3. The battery transfer and in-situ synchrotron radiation absorption spectrum testing device according to claim 1, wherein the rod is a guide rod (19), the lower support plate (14) is sleeved on the surface of the guide rod (19) to move up and down, a driving source (18) is fixedly connected to the lower end face of the lower support plate (14), a moving sleeve (20) is connected to the driving end of the driving source (18), a moving screw (16) is connected to the moving sleeve (20) in a threaded manner, a connecting plate (17) is fixedly connected to the moving screw (16), the moving screw (16) is fixedly connected with the guide rod (19) through the connecting plate (17), the driving source (18) drives the moving sleeve (20) to rotate, and the moving sleeve (20) moves up and down on the surface of the moving screw (16).

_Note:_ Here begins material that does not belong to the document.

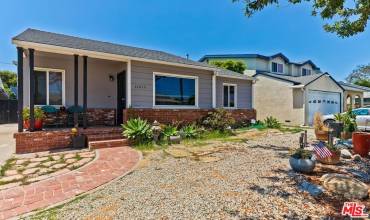 11213 Segrell Way, Culver City, California 90230, 3 Bedrooms Bedrooms, ,2 BathroomsBathrooms,Residential Lease,Rent,11213 Segrell Way,24433199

4. A battery transfer and in-situ synchrotron radiation absorption spectrum testing device according to claim 3, wherein the upper end surface of the lower support plate (14) is provided with a pressure detection assembly (21), the pressure detection assembly (21) comprises a pressure column, the surface of the pressure column is fixedly connected with a pressure measuring plate, the surface of the guide rod (19) is fixedly connected with a fixing plate, the surface of the pressure measuring plate is provided with a pressure sensor, and when the lower electrode pressure head (10) is matched with the battery assembly to contact with the upper electrode pressure head (3), the pressure sensor on the surface of the pressure measuring plate contacts with the fixing plate.

5. A method for testing the absorption spectrum of cell transfer and in-situ synchrotron radiation is characterized in that the method comprises the following steps,

installing the apparatus of claim 1 in an inert gas environment;

extruding the cell assembly at a set stack pressure;

closing the taper hole on the surface of the upper electrode pressure head (3), and transferring the device to a sample frame of the experimental station cavity;

vacuumizing the experimental station cavity, and simultaneously opening a taper hole on the surface of a closed upper electrode pressure head (3);

the battery is in a working state through the electrode screw, the synchronous radiation light irradiates the battery through a taper hole on the surface of the upper electrode pressure head (3), and a detector of the experimental station collects fluorescent/electronic signals emitted after the synchronous radiation light excites the battery material.

6. A method of testing the absorption spectrum of synchrotron radiation in-situ and cell transfer as claimed in claim 5, wherein, before installing the apparatus as claimed in claim 1 in an inert atmosphere:

and measuring the thickness of the protective sheet in the pressure head assembly (22), and when the thickness of the protective sheet is lower than a preset threshold value, adding the protective sheet with corresponding thickness to be attached to the surface of the protective sheet of the pressure head assembly (22).